Task statement
Copy the records below line by line and word for word, from the very first line through the line with "Closed Organic Cotton", omitting each picture.
[Records supplied — start]
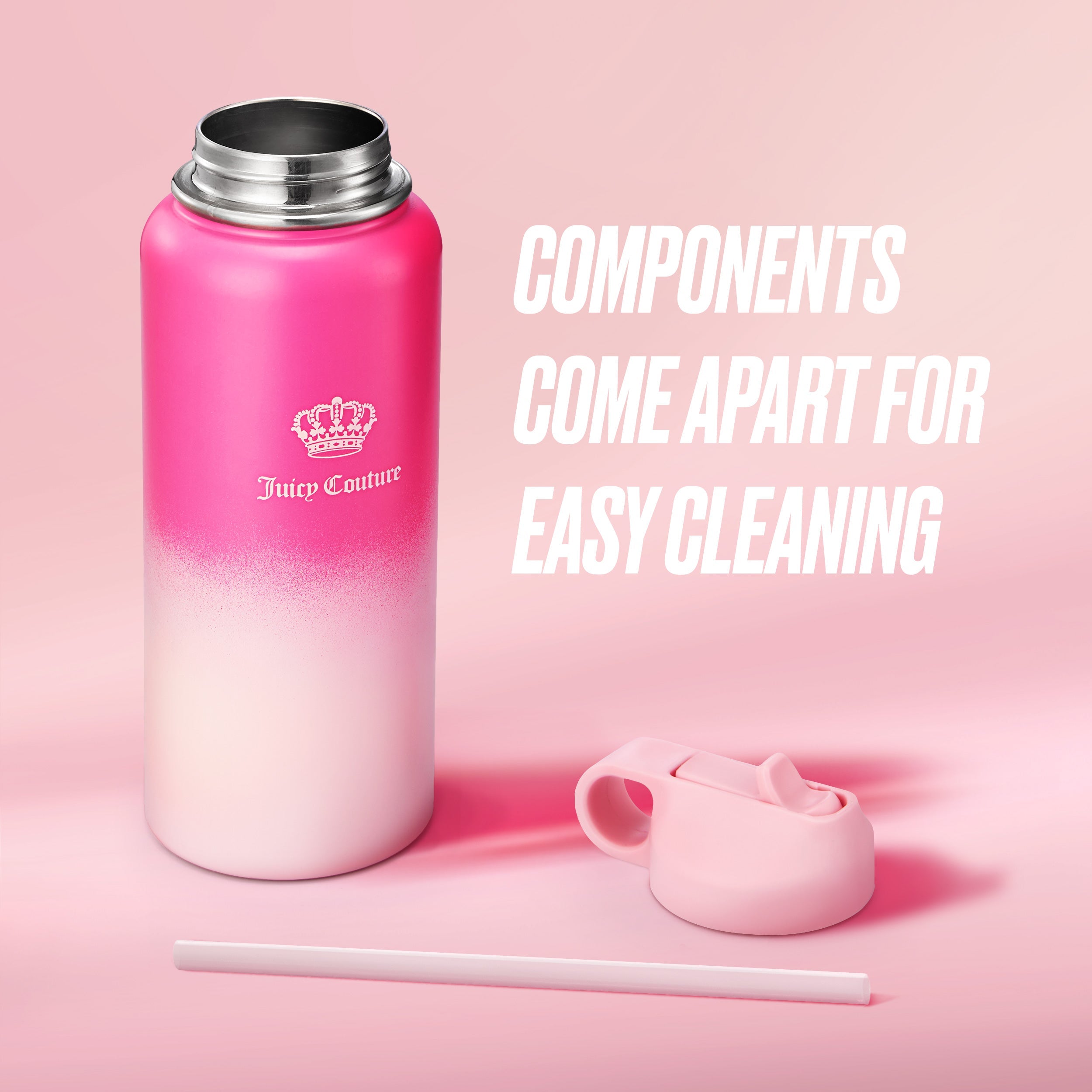 Go Girl Stainless Steel Water Bottle with Pop-up Straw - Image 4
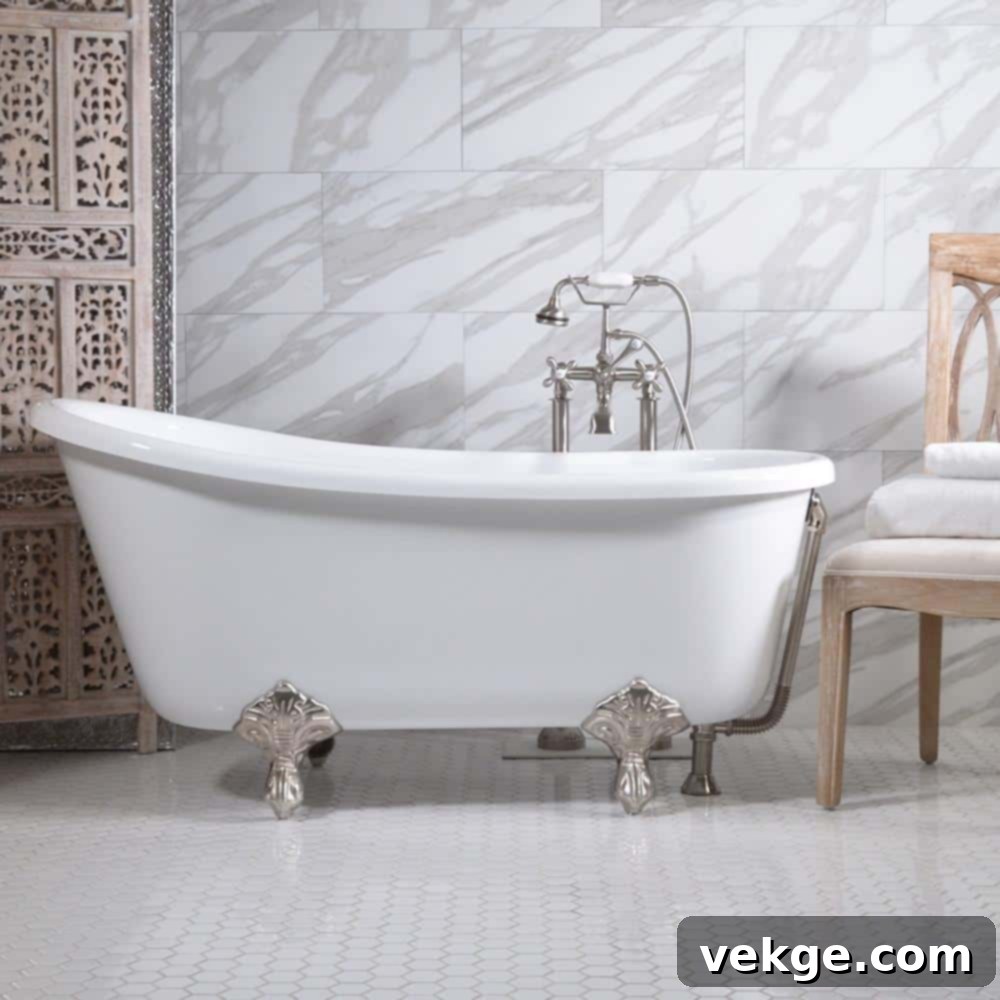 Classic White Clawfoot Bathtub with Ornate Silver Feet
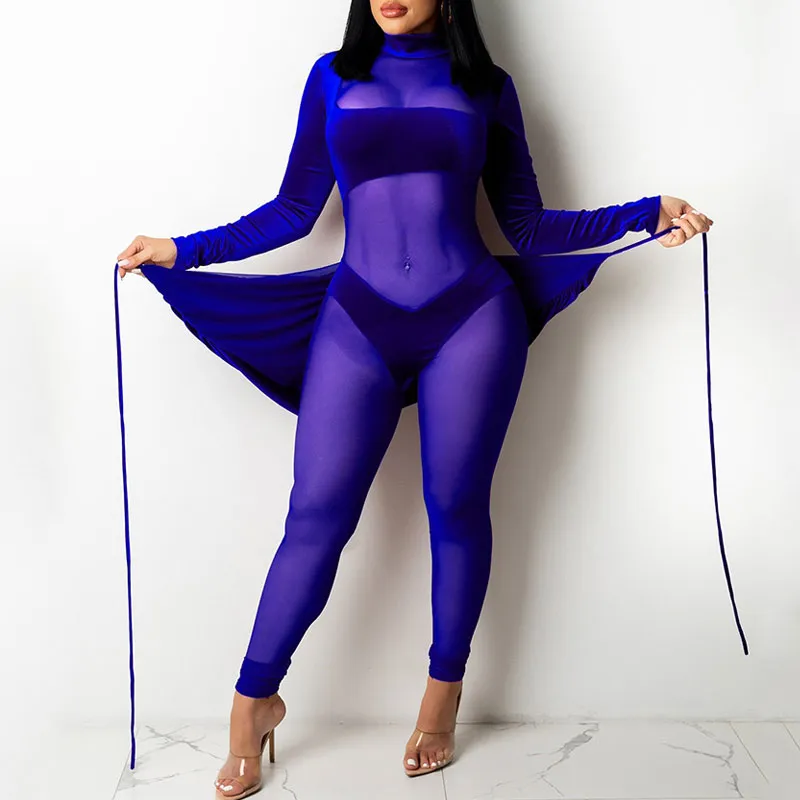 Solid Long Sleeve Sheer Mesh Patchwork 2PCS Jumpsuit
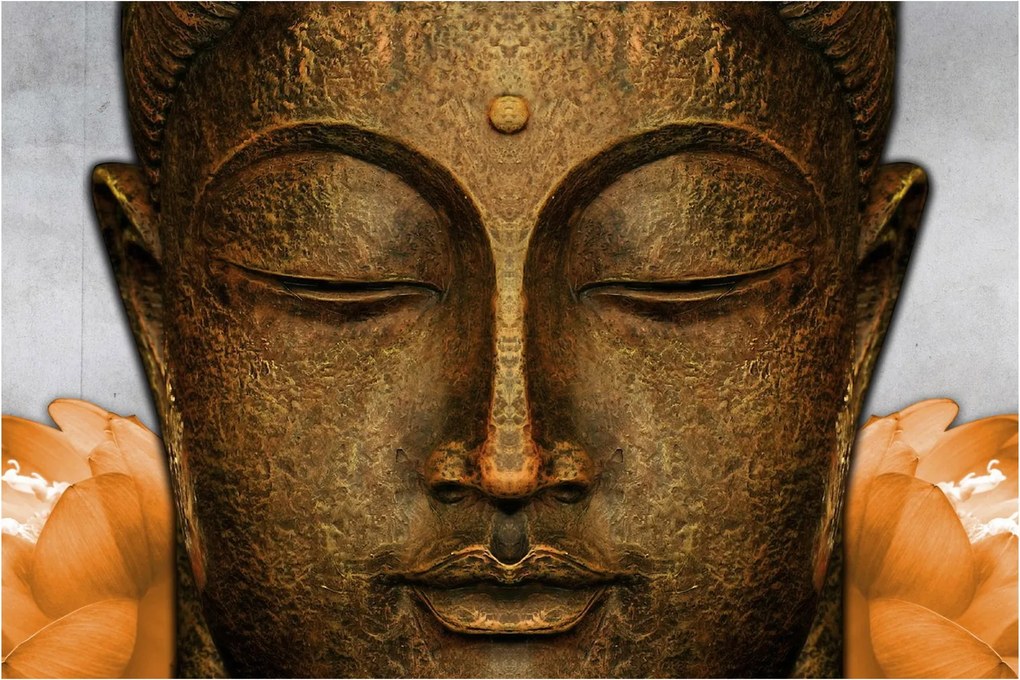 Tablou cu statuie cu detaliu a feței (90x60 cm)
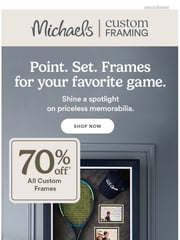 Email Inspiration from Michaels Custom Framing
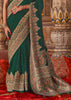 Bottel Green Printed Kashmiri Jamewar Saree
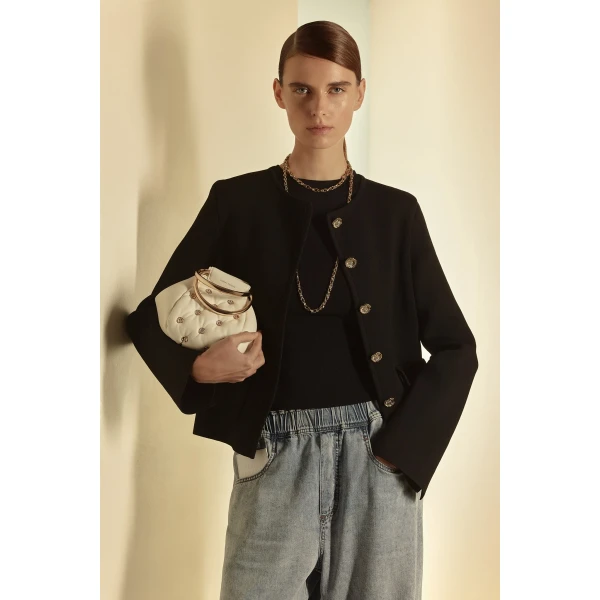 Crepe Knit Patch Pocket Jacket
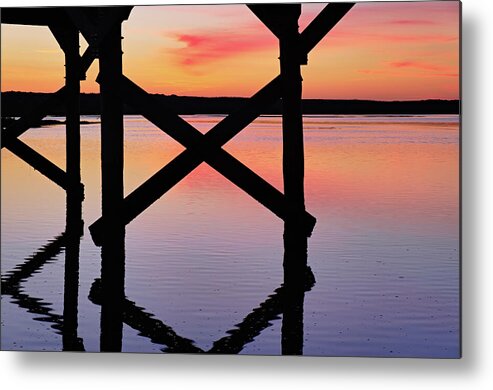 Quinta Do Lago Metal Print featuring the photograph Wooden Bridge Silhouette at Dusk by Angelo DeVal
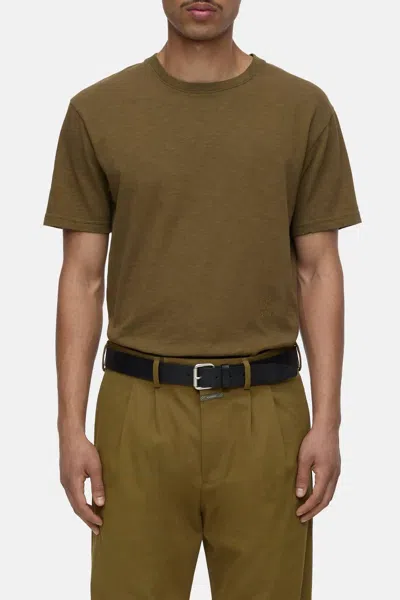Closed Organic Cotton Classic Slub Short Sleeve T-shirt In Golden Moss In Green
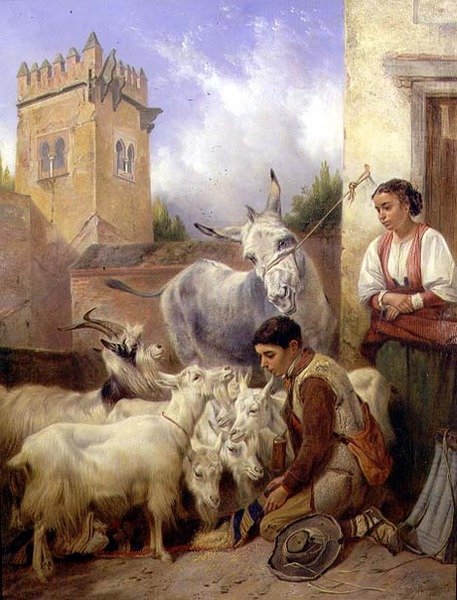 Ziegen füttern in der Alhambra von Richard Ansdell
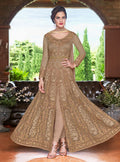 Golden Glamour Embroidered Slit Style Anarkali Suit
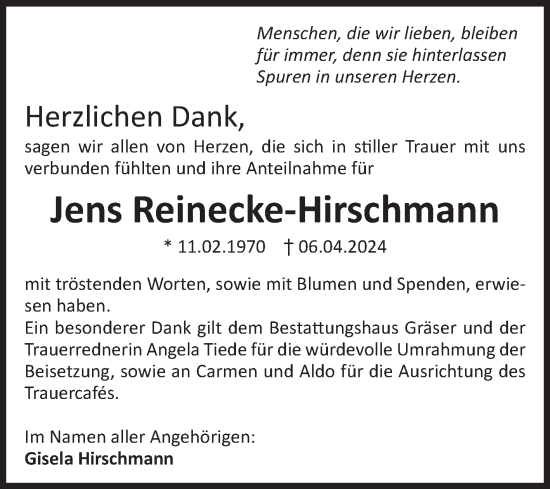 Traueranzeige von Jens Reinecke-Hirschmann von Volksstimme Altmark Ost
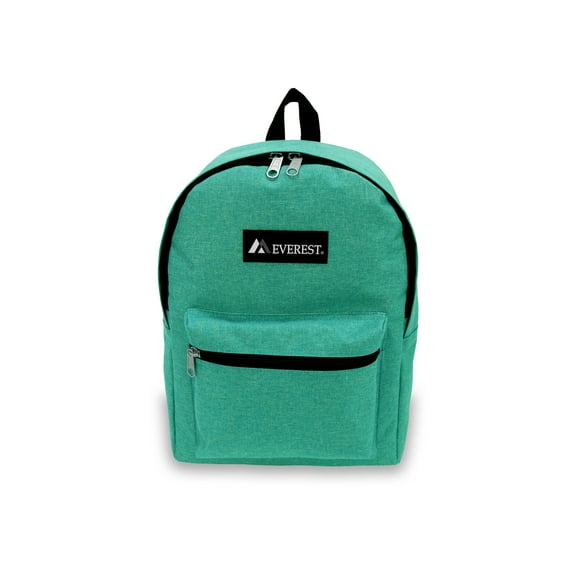 Everest 15" Basic Denim Backpack, Ocean Green All Ages, Unisex 1045DM-OCEAN GRN, Carrier and Shoulder Book Bag for School, Work, Sports, and Travel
[Records supplied — finish]
Answer space
 Go Girl Stainless Steel Water Bottle with Pop-up Straw - Image 4
 Classic White Clawfoot Bathtub with Ornate Silver Feet
 Solid Long Sleeve Sheer Mesh Patchwork 2PCS Jumpsuit
 Tablou cu statuie cu detaliu a feței (90x60 cm)
 Email Inspiration from Michaels Custom Framing
 Bottel Green Printed Kashmiri Jamewar Saree
 Crepe Knit Patch Pocket Jacket
 Quinta Do Lago Metal Print featuring the photograph Wooden Bridge Silhouette at Dusk by Angelo DeVal
Closed Organic Cotton Classic Slub Short Sleeve T-shirt In Golden Moss In Green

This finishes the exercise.